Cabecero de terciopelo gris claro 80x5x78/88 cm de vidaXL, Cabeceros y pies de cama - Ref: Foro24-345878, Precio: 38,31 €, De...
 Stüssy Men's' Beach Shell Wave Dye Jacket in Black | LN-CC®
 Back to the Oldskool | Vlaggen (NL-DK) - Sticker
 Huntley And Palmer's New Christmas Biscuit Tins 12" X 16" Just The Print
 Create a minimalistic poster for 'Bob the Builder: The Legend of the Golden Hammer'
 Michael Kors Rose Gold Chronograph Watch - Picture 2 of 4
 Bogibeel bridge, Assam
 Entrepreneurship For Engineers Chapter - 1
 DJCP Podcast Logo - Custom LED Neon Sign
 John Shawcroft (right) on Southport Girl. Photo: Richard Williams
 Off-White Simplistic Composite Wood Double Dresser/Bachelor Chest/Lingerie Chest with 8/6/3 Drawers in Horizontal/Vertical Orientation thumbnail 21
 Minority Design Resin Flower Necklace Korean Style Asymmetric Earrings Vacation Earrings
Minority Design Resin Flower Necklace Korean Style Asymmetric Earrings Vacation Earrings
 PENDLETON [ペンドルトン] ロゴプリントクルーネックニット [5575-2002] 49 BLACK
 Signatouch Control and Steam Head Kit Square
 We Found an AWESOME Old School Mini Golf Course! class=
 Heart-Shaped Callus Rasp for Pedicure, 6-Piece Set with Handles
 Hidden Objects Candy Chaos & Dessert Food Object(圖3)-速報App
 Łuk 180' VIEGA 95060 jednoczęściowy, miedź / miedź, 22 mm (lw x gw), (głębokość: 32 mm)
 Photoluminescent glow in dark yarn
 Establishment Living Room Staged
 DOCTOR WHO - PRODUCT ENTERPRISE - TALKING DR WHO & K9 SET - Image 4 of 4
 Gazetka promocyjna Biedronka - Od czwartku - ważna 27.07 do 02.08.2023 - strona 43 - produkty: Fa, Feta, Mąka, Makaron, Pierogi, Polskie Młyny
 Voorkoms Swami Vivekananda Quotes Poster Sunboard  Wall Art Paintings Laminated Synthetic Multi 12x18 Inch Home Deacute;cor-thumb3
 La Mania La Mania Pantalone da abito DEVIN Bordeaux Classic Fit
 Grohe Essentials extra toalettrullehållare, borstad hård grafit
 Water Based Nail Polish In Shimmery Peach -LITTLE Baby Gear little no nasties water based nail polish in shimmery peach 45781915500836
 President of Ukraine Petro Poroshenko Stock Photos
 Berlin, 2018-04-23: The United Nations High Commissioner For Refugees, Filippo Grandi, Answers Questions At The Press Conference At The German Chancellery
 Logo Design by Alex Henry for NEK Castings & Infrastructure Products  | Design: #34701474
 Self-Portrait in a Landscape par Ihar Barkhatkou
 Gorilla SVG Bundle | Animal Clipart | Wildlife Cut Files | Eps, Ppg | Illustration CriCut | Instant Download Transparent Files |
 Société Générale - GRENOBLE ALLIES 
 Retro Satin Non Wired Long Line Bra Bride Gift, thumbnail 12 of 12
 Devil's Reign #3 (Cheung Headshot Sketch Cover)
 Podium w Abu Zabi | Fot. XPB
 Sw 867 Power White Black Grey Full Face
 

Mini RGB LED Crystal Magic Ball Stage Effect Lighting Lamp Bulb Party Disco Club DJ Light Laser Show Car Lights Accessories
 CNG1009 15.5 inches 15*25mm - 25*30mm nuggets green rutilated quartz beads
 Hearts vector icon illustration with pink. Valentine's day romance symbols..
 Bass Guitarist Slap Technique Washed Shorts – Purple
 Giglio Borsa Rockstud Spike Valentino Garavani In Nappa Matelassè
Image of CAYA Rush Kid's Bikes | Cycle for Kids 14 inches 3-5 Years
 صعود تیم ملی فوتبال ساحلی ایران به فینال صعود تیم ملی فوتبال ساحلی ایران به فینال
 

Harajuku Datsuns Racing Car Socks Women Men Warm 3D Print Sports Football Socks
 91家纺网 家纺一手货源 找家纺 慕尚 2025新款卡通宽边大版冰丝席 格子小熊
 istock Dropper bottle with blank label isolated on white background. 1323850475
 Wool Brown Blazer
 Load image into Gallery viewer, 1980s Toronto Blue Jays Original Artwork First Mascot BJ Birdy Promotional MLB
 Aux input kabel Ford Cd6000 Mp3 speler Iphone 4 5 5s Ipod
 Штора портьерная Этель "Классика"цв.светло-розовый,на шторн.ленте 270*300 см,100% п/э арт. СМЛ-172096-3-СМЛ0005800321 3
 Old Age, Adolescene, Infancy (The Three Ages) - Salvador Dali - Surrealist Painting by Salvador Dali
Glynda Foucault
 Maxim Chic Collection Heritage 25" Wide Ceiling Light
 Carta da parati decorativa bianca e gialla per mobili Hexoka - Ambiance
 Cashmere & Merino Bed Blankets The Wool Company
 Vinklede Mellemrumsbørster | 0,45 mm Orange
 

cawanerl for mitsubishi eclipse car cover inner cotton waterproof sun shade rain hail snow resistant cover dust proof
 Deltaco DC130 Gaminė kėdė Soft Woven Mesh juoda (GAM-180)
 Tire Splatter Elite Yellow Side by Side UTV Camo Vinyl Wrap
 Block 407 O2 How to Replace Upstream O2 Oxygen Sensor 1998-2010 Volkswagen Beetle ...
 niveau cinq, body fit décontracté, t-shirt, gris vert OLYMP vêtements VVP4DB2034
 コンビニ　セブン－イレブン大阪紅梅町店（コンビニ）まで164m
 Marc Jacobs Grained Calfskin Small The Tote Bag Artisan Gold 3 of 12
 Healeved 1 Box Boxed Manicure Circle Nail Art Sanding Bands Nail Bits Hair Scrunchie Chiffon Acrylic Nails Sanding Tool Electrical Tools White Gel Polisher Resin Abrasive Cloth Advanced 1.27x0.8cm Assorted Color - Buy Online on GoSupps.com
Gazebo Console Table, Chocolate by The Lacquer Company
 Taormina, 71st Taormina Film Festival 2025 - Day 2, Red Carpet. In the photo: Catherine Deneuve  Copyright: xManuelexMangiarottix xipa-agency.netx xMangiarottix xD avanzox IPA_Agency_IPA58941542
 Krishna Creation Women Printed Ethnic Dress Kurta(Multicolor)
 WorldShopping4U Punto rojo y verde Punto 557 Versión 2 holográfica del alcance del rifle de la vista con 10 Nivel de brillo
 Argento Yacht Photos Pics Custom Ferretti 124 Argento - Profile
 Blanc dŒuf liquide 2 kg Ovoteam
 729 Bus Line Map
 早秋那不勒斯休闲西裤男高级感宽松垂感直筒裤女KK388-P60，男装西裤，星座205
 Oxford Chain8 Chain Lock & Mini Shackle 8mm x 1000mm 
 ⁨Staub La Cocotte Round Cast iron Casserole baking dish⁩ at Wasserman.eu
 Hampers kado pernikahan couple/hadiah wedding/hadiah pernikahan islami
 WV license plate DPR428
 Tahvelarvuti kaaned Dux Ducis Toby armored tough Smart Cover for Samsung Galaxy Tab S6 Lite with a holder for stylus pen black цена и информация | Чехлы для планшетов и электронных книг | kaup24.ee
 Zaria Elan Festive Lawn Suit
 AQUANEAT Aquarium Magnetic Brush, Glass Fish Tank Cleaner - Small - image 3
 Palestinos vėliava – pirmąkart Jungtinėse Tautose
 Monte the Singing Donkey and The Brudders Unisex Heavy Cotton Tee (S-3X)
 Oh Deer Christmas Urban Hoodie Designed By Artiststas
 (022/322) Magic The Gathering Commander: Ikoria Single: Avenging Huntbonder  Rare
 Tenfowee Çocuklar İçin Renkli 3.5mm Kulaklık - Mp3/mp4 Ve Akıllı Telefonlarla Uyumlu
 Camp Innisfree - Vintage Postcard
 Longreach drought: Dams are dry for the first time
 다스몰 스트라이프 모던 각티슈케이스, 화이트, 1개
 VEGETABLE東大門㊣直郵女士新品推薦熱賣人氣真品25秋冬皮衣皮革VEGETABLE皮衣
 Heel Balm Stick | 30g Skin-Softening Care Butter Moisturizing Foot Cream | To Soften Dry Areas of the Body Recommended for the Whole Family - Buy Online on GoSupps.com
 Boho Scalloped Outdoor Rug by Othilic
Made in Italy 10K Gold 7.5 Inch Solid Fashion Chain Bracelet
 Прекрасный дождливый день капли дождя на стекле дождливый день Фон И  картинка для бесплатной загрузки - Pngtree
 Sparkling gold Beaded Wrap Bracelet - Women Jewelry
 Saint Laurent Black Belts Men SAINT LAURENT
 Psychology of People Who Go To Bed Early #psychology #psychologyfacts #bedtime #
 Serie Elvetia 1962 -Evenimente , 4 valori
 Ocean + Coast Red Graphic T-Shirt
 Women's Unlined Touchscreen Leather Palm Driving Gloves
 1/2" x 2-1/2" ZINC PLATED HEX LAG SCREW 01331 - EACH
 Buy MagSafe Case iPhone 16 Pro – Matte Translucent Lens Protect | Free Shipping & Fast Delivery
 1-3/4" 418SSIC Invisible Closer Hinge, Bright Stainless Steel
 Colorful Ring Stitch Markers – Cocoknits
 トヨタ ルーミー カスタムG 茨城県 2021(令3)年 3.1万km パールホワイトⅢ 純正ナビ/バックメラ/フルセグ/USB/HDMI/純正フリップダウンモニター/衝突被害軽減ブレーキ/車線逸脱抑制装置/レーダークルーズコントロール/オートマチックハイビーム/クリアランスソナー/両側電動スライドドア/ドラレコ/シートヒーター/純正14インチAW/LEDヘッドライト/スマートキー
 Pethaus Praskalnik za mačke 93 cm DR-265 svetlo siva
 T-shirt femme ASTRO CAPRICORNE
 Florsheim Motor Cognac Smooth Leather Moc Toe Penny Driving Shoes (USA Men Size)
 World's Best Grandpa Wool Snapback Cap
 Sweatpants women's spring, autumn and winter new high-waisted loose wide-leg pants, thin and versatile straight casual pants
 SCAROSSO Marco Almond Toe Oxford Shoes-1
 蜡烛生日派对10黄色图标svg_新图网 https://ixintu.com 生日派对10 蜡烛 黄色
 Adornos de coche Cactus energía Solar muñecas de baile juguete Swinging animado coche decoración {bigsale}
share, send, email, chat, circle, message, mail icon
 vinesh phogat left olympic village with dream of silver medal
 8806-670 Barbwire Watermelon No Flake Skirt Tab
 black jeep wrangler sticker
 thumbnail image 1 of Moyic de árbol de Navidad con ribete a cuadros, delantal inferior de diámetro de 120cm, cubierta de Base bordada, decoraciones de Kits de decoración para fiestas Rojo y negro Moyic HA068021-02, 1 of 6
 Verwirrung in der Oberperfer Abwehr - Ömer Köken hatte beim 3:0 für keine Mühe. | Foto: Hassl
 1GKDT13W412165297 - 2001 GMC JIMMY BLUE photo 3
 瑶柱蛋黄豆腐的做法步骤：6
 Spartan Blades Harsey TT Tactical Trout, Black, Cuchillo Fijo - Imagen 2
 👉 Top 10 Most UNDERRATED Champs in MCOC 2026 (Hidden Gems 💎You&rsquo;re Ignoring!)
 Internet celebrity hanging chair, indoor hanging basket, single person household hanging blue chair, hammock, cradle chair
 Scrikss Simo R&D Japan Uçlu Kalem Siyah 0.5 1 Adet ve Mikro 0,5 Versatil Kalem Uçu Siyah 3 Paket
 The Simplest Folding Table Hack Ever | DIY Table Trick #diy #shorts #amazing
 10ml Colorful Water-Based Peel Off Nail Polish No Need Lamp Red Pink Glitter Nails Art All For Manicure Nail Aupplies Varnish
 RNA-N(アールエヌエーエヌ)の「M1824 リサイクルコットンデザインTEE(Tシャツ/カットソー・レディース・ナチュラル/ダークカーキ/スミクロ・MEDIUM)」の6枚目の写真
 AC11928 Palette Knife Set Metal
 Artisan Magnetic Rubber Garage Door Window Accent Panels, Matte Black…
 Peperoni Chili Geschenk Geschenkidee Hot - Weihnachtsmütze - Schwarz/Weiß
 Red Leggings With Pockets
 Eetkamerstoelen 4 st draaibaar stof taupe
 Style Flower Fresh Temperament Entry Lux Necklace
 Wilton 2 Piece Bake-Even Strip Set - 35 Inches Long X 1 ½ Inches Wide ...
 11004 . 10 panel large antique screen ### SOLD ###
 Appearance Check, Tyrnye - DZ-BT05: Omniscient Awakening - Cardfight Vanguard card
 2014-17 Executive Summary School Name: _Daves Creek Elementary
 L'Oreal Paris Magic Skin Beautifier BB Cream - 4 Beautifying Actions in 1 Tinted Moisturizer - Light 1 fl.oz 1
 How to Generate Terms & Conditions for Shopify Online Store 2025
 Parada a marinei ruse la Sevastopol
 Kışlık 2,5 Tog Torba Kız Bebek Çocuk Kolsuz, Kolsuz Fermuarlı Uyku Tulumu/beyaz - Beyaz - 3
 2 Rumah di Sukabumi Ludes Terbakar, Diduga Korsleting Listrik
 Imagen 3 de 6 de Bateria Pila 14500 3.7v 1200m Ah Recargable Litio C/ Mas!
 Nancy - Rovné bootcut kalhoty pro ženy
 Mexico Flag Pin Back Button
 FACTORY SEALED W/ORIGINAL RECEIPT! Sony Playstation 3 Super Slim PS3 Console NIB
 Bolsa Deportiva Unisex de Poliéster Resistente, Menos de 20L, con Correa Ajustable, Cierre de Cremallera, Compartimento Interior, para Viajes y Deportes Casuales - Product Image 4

——

§ **What you should do**:
Run a filter over the data above and keep each line that contains the word "Resin".

§ **Answer below**:
 Minority Design Resin Flower Necklace Korean Style Asymmetric Earrings Vacation Earrings
Minority Design Resin Flower Necklace Korean Style Asymmetric Earrings Vacation Earrings
 Healeved 1 Box Boxed Manicure Circle Nail Art Sanding Bands Nail Bits Hair Scrunchie Chiffon Acrylic Nails Sanding Tool Electrical Tools White Gel Polisher Resin Abrasive Cloth Advanced 1.27x0.8cm Assorted Color - Buy Online on GoSupps.com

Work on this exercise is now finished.